Could the data below be copied exactly, minus the pictures?

[Stored data]

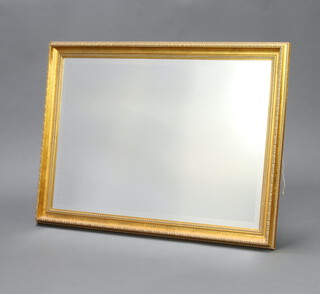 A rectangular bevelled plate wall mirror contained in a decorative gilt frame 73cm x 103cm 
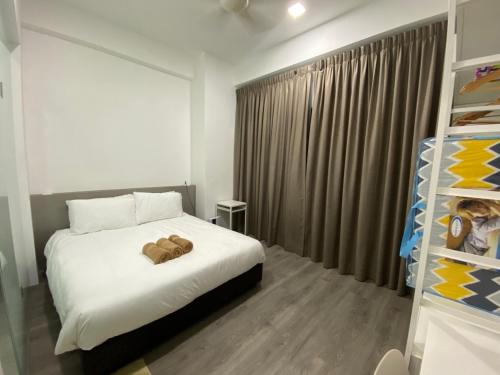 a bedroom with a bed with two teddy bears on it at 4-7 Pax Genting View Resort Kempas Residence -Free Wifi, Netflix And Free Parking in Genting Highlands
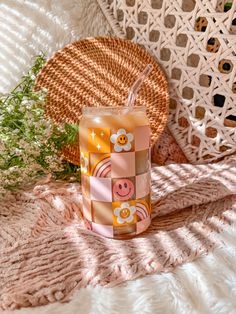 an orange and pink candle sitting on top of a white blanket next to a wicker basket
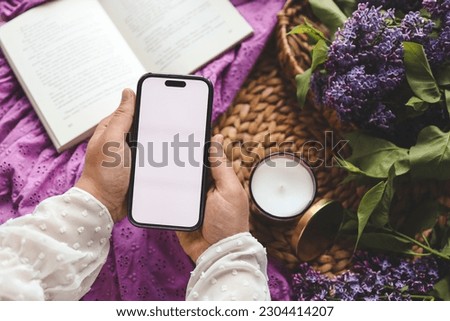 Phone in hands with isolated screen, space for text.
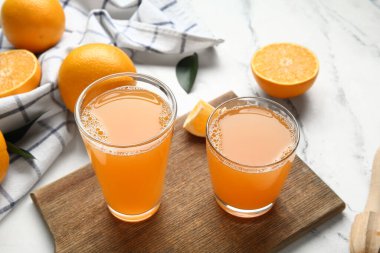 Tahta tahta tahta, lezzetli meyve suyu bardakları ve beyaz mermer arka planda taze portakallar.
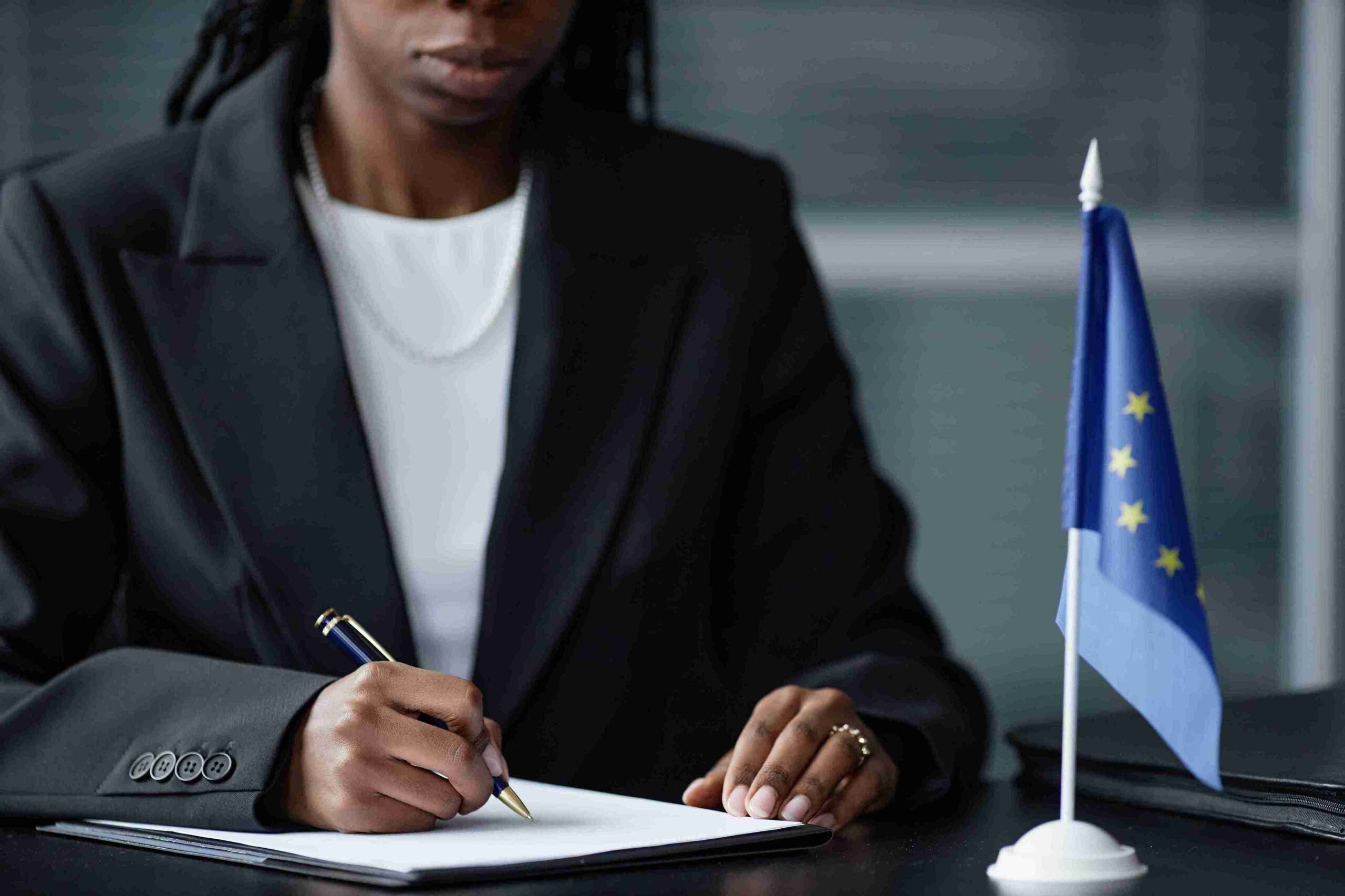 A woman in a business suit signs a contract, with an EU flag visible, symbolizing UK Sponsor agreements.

[/Stored data]

Solution to this problem:
 A rectangular bevelled plate wall mirror contained in a decorative gilt frame 73cm x 103cm 
 a bedroom with a bed with two teddy bears on it at 4-7 Pax Genting View Resort Kempas Residence -Free Wifi, Netflix And Free Parking in Genting Highlands
 an orange and pink candle sitting on top of a white blanket next to a wicker basket
 Phone in hands with isolated screen, space for text.
 Tahta tahta tahta, lezzetli meyve suyu bardakları ve beyaz mermer arka planda taze portakallar.
 A woman in a business suit signs a contract, with an EU flag visible, symbolizing UK Sponsor agreements.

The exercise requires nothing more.